Request body — multipart/form-data
| Field | Type | Required | Description |
|---|---|---|---|
provider |
string | Yes | cosyvoice or dashscope. |
target_model |
string | Yes | TTS model identifier the clone will be used with. For DashScope: a voice-cloning-compatible model such as a Qwen VC model. For CosyVoice: a CosyVoice model identifier. |
display_label |
string | Yes | Human-readable label. The endpoint deduplicates labels by appending a timestamp suffix when a conflict exists. |
audio |
file | Yes | Audio sample. Minimum 256 bytes, maximum 12 MB. |
prefix |
string | No | CosyVoice only. Optional voice identifier prefix; random characters are generated when omitted. |
preferred_name |
string | No | DashScope only. Preferred voice name; a random identifier is generated when omitted. |
Provider-specific requirements
- CosyVoice uploads the audio sample and provides its public URL to DashScope; the
OpenTalking server must be reachable from DashScope. Configure
OPENTALKING_PUBLIC_BASE_URLto specify the public URL. The sample is removed from disk approximately 300 seconds after upload. - DashScope uses base64-encoded inline audio and does not require public reachability.
Response — 200 OK
{
"ok": true,
"entry_id": 12,
"voice_id": "u3e7c12ab",
"display_label": "Alice's Voice",
"provider": "dashscope",
"target_model": "qwen3-tts-flash-realtime",
"message": "..."
}
| Field | Type | Description |
|---|---|---|
entry_id |
integer | Catalog primary key, for later deletion. |
voice_id |
string | Provider-side voice identifier. Use this value when invoking speak or chat with the cloned voice. |
display_label |
string | Resolved label (may include a deduplication suffix). |
message |
string | Human-readable status message. |
curl -s -X POST http://localhost:8000/voices/clone \
-F provider=dashscope \
-F target_model=qwen3-tts-flash-realtime \
-F display_label="Alice's Voice" \
-F audio=@sample.wav
Error responses
| Code | Condition |
|---|---|
400 |
provider is not cosyvoice or dashscope; audio is too short, missing, or exceeds 12 MB; audio format cannot be converted to 24 kHz mono WAV. |
502 |
The upstream provider returned an error (DashScope rejection, CosyVoice cloning failure). |
DELETE /voices/{entry_id}¶
Removes a cloned voice from the catalog.
Path parameters
| Parameter | Type | Description |
|---|---|---|
entry_id |
integer | Catalog primary key from GET /voices. |
Response — 200 OK
Error responses
| Code | Condition |
|---|---|
404 |
The entry identifier was not found. |
GET /voice-uploads/{token}¶
Internal endpoint that serves an uploaded audio sample for CosyVoice.
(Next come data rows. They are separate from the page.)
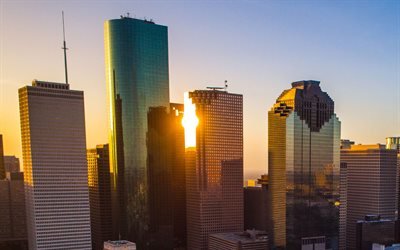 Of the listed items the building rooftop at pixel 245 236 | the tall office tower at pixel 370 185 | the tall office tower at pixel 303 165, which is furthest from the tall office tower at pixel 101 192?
the tall office tower at pixel 370 185

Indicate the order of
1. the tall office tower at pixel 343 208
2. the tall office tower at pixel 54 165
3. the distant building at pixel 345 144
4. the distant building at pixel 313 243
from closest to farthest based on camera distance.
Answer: the tall office tower at pixel 54 165 → the distant building at pixel 313 243 → the tall office tower at pixel 343 208 → the distant building at pixel 345 144

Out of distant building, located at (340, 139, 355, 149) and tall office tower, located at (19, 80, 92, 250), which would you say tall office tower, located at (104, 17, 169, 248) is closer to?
tall office tower, located at (19, 80, 92, 250)

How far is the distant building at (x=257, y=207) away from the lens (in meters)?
119

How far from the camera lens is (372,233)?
110 meters

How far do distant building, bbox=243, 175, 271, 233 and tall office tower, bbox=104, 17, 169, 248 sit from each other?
34.2m

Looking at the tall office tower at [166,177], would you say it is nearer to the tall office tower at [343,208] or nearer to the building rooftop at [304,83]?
the building rooftop at [304,83]

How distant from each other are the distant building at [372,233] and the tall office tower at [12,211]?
91.9 meters

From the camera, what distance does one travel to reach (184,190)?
125m

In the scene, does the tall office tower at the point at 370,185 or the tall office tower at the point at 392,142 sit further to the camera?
the tall office tower at the point at 392,142

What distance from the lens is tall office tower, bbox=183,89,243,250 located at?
11062 centimetres

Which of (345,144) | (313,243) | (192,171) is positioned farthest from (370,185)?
(192,171)

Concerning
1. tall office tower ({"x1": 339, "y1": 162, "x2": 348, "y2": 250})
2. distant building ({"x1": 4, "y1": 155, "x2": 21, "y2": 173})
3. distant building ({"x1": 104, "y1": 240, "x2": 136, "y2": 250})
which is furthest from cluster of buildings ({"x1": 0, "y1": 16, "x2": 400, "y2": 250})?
distant building ({"x1": 104, "y1": 240, "x2": 136, "y2": 250})

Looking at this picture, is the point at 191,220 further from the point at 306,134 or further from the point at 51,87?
the point at 51,87

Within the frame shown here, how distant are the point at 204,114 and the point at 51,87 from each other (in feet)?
140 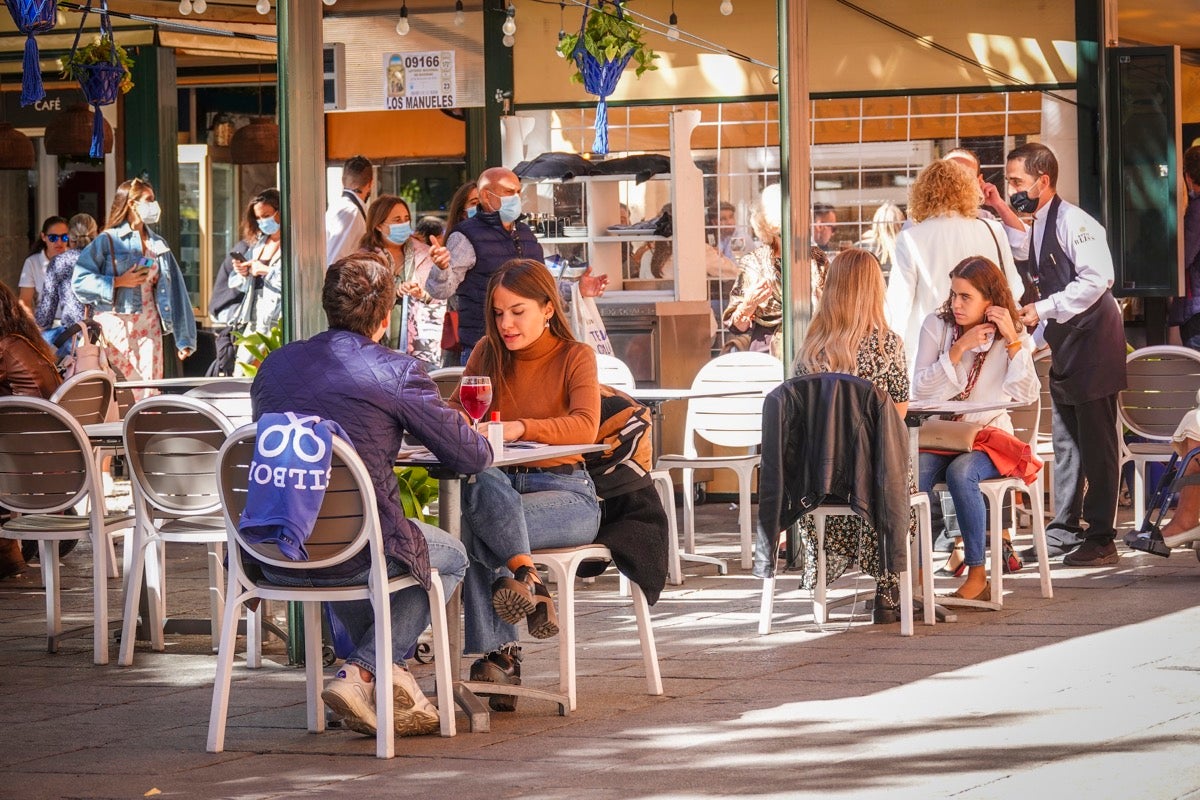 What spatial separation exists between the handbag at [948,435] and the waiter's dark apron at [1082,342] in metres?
1.43

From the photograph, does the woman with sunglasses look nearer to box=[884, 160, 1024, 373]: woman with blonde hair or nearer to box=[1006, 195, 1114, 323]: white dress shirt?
box=[884, 160, 1024, 373]: woman with blonde hair

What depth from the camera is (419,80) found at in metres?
12.8

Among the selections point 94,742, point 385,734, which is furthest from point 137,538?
point 385,734

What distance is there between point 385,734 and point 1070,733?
1.85 metres

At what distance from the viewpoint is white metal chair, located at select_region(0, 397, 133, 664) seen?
7.16m

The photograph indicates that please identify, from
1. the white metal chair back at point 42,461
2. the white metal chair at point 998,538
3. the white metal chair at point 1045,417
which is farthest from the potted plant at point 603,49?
the white metal chair back at point 42,461

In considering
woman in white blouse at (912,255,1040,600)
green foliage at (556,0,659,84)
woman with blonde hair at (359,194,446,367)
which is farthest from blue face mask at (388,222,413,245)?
woman in white blouse at (912,255,1040,600)

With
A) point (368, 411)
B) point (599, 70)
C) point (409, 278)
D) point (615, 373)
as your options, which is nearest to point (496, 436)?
point (368, 411)

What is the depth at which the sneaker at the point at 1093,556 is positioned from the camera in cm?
902

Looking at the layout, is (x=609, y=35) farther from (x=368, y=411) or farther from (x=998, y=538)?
(x=368, y=411)

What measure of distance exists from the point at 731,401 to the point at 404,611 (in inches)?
177

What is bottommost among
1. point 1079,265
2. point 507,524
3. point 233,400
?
point 507,524

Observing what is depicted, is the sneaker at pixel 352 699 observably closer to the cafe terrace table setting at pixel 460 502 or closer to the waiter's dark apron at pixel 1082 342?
the cafe terrace table setting at pixel 460 502

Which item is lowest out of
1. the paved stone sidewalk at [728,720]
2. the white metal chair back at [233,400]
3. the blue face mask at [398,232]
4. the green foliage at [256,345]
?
the paved stone sidewalk at [728,720] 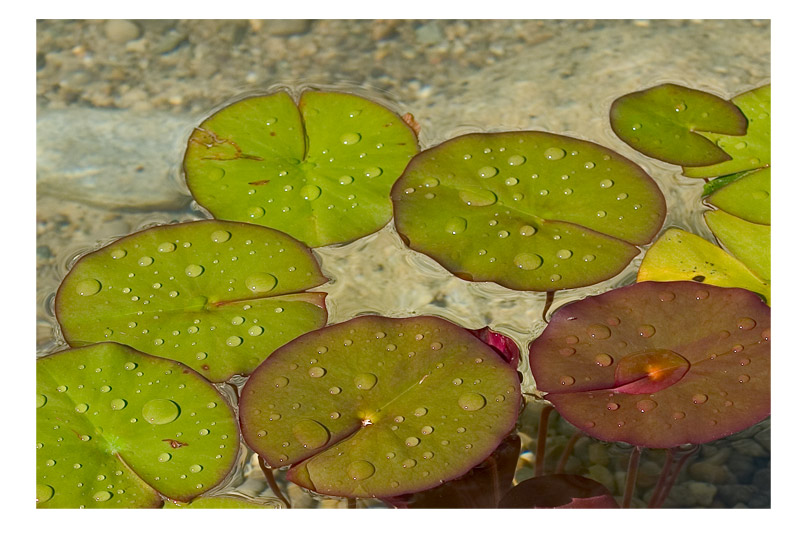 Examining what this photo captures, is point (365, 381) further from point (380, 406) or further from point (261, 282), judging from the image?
point (261, 282)

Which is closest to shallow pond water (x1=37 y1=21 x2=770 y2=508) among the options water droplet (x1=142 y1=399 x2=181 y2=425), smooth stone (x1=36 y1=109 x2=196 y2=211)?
smooth stone (x1=36 y1=109 x2=196 y2=211)

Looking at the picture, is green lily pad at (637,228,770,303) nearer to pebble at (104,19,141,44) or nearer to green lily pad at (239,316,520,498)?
green lily pad at (239,316,520,498)

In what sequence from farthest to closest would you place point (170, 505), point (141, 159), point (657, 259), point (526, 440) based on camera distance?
point (141, 159) → point (657, 259) → point (526, 440) → point (170, 505)

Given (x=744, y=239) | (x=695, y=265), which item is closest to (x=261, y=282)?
(x=695, y=265)

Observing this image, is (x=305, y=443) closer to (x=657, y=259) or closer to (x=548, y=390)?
(x=548, y=390)

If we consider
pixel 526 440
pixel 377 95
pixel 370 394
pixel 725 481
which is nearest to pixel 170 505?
pixel 370 394

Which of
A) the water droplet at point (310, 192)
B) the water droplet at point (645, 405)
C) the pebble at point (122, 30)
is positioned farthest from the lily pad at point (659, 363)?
the pebble at point (122, 30)

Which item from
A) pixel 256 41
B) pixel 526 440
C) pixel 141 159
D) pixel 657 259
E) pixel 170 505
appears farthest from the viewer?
pixel 256 41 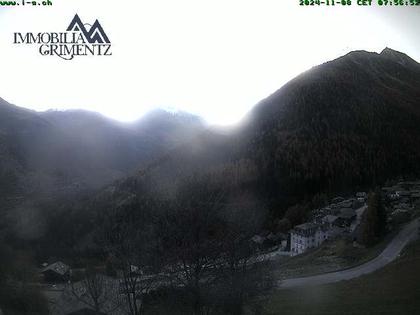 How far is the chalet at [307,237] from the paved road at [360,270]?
21.5 meters

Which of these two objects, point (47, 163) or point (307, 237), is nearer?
point (307, 237)

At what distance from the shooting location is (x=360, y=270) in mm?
35594

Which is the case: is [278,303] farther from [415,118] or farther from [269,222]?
[415,118]

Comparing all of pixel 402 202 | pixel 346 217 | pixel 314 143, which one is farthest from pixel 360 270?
pixel 314 143

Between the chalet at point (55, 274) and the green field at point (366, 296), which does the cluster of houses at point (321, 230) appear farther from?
the chalet at point (55, 274)

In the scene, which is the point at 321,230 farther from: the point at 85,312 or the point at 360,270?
the point at 85,312

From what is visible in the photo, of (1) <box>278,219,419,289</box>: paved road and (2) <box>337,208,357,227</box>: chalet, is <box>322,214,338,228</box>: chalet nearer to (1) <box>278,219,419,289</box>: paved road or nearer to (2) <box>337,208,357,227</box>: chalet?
(2) <box>337,208,357,227</box>: chalet

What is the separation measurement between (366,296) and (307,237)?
1509 inches

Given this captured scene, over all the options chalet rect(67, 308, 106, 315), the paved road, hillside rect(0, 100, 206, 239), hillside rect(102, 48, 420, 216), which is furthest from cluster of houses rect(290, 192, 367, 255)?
hillside rect(0, 100, 206, 239)

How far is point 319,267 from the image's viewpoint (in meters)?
41.5

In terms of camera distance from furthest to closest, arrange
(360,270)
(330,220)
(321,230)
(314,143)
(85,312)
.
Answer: (314,143)
(330,220)
(321,230)
(360,270)
(85,312)

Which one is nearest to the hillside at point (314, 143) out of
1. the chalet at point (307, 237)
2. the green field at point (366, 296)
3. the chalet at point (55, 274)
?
the chalet at point (307, 237)

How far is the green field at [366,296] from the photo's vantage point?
21.8 meters

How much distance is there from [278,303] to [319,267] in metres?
15.2
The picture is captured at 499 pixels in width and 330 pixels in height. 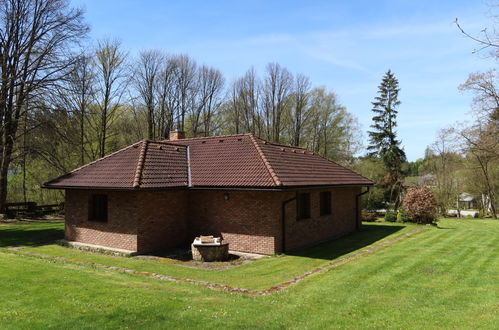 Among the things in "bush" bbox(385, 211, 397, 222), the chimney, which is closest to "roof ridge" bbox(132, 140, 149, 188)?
the chimney

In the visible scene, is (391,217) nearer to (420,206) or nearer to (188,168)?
(420,206)

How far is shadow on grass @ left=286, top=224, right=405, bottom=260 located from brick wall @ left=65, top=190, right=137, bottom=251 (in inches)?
245

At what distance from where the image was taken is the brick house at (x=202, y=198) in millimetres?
13367

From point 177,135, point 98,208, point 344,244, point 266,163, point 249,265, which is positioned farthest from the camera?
point 177,135

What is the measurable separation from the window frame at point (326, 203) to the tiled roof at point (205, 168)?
29.1 inches

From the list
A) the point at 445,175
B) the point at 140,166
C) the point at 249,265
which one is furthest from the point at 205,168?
the point at 445,175

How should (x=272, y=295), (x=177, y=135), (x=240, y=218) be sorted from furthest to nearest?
(x=177, y=135)
(x=240, y=218)
(x=272, y=295)

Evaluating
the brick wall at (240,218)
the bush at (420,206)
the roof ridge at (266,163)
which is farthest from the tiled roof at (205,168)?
the bush at (420,206)

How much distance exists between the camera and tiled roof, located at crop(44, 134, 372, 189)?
1379cm

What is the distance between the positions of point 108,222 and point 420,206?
64.5ft

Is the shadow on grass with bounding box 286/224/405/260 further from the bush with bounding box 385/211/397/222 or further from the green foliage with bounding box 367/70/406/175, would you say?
the green foliage with bounding box 367/70/406/175

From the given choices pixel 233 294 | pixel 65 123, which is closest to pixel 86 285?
pixel 233 294

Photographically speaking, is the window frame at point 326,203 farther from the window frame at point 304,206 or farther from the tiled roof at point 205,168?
the window frame at point 304,206

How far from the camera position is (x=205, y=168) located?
16062 millimetres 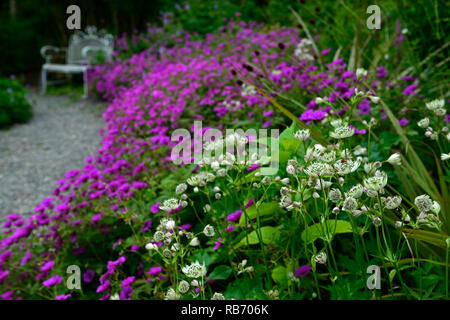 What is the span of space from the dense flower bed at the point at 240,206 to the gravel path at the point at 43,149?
68 centimetres

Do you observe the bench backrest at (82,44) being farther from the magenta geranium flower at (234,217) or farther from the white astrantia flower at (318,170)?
the white astrantia flower at (318,170)

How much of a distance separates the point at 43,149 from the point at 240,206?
3.49 metres

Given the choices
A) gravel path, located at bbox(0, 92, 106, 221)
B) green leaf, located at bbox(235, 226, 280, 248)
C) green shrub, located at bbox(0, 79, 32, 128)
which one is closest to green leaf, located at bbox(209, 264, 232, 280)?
green leaf, located at bbox(235, 226, 280, 248)

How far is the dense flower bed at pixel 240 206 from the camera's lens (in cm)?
101

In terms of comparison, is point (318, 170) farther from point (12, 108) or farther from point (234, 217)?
point (12, 108)

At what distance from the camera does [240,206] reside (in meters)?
1.58

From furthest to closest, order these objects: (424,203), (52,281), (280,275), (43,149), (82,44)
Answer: (82,44)
(43,149)
(52,281)
(280,275)
(424,203)

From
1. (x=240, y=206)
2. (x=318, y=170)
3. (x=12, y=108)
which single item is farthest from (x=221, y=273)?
(x=12, y=108)

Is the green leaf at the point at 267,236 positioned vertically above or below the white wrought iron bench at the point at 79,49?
below

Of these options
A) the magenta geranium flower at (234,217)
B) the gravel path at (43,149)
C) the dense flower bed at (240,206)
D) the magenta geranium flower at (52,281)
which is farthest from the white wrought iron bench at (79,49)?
the magenta geranium flower at (234,217)

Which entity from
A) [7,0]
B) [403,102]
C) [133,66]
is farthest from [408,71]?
[7,0]

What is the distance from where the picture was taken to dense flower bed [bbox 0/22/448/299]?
39.9 inches

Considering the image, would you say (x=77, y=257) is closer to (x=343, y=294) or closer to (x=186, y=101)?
(x=343, y=294)

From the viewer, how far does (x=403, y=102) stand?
2260mm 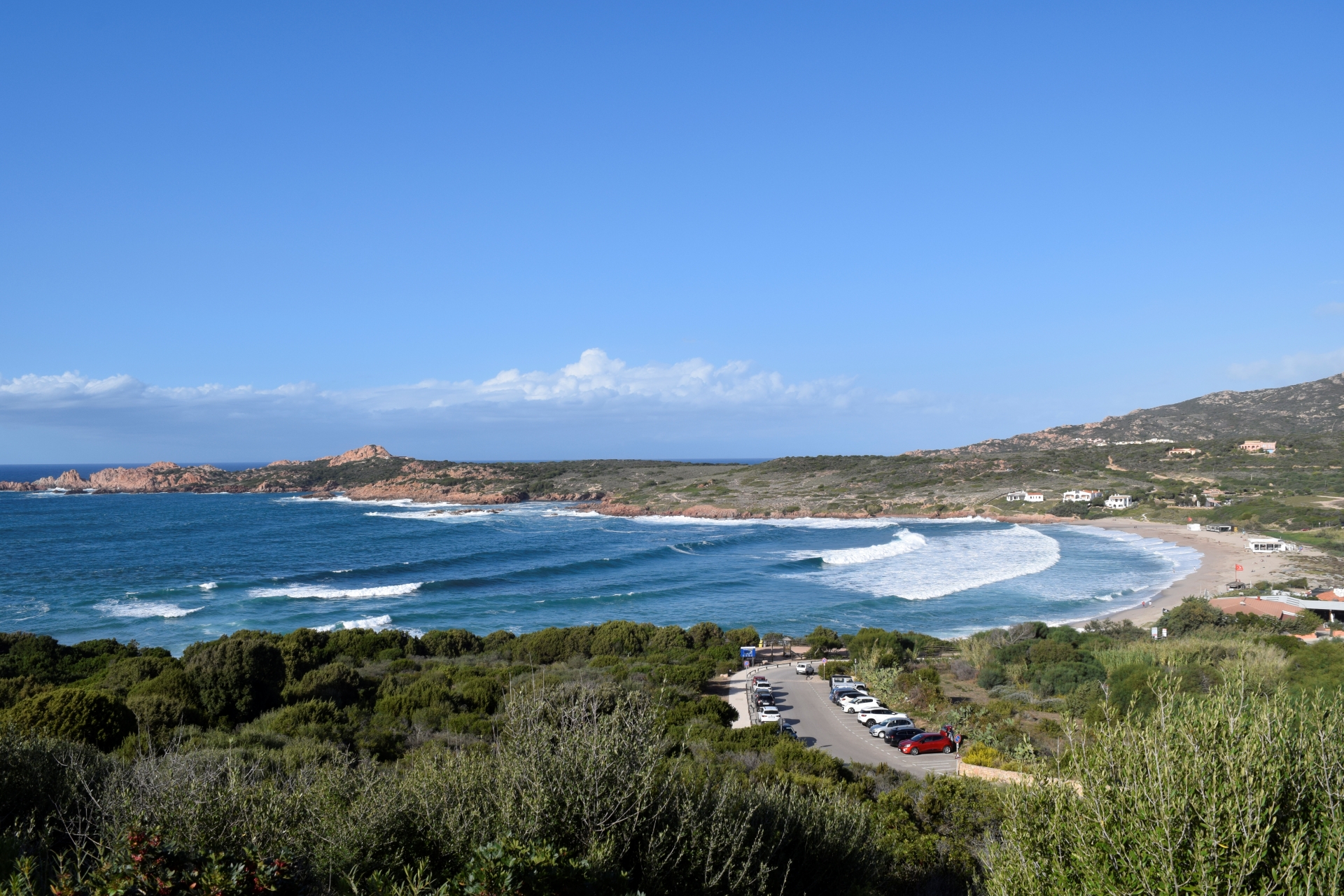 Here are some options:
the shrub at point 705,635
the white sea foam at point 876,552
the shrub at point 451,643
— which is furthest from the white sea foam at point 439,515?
the shrub at point 451,643

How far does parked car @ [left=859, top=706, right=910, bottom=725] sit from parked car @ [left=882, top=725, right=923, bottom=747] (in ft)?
2.36

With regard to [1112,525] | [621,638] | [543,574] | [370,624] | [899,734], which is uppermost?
[621,638]

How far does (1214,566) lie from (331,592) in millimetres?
48032

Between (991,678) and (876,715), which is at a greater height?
(876,715)

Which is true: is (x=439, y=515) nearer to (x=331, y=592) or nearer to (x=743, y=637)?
(x=331, y=592)

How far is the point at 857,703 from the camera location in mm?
19125

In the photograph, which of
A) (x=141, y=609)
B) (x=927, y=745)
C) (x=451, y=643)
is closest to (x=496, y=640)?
(x=451, y=643)

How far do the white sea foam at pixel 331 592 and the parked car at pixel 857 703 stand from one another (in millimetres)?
26073

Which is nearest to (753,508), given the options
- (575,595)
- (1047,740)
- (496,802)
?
(575,595)

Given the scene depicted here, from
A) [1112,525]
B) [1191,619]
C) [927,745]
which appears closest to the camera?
[927,745]

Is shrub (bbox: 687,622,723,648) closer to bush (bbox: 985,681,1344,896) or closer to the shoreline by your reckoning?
the shoreline

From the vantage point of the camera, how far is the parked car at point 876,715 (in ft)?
57.8

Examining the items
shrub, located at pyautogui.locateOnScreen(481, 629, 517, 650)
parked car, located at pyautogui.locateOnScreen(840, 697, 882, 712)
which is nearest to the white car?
parked car, located at pyautogui.locateOnScreen(840, 697, 882, 712)

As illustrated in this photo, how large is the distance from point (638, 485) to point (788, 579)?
189ft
The endpoint exists so that DashScope's CosyVoice service can retrieve the sample over HTTP.
Path parameters
| Parameter | Type | Description |
|---|---|---|
token |
string | 32-character hex token generated by POST /voices/clone. |
Response — 200 OK
Content-Type: audio/wav. Body is the uploaded sample.
Error responses
| Code | Condition |
|---|---|
404 |
The token is malformed or the sample has expired. |
Public exposure
This endpoint serves user-uploaded audio. Production deployments should rate-limit
the path at the reverse proxy and ensure that OPENTALKING_PUBLIC_BASE_URL points
to an internet-reachable address only when CosyVoice cloning is in use.
Provider matrix¶
| Provider | Cloning | Voice format | Notes |
|---|---|---|---|
edge |
Not supported | <lang>-<region>-<name>Neural (e.g. en-US-AriaNeural) |
Built-in, no API key required. |
dashscope |
Supported | Console-defined name (e.g. xiaoxiao) or voice_id from clone |
Requires DASHSCOPE_API_KEY. |
cosyvoice |
Supported | voice_id returned by clone, prefixed |
Requires the OpenTalking server to be reachable from DashScope. |
elevenlabs |
External to OpenTalking | ElevenLabs voice_id |
Requires OPENTALKING_TTS_ELEVENLABS_API_KEY. |
Source files¶
apps/api/routes/tts_preview.py—/tts/preview.apps/api/routes/voices.py—/voices/*,/voice-uploads/{token}.opentalking/providers/tts/dashscope_qwen/clone.py— DashScope and CosyVoice cloning implementations.opentalking/voice/store.py— voice catalog (SQLite).opentalking/tts/adapters/— provider-specific TTS adapters used by/tts/previewand session synthesis.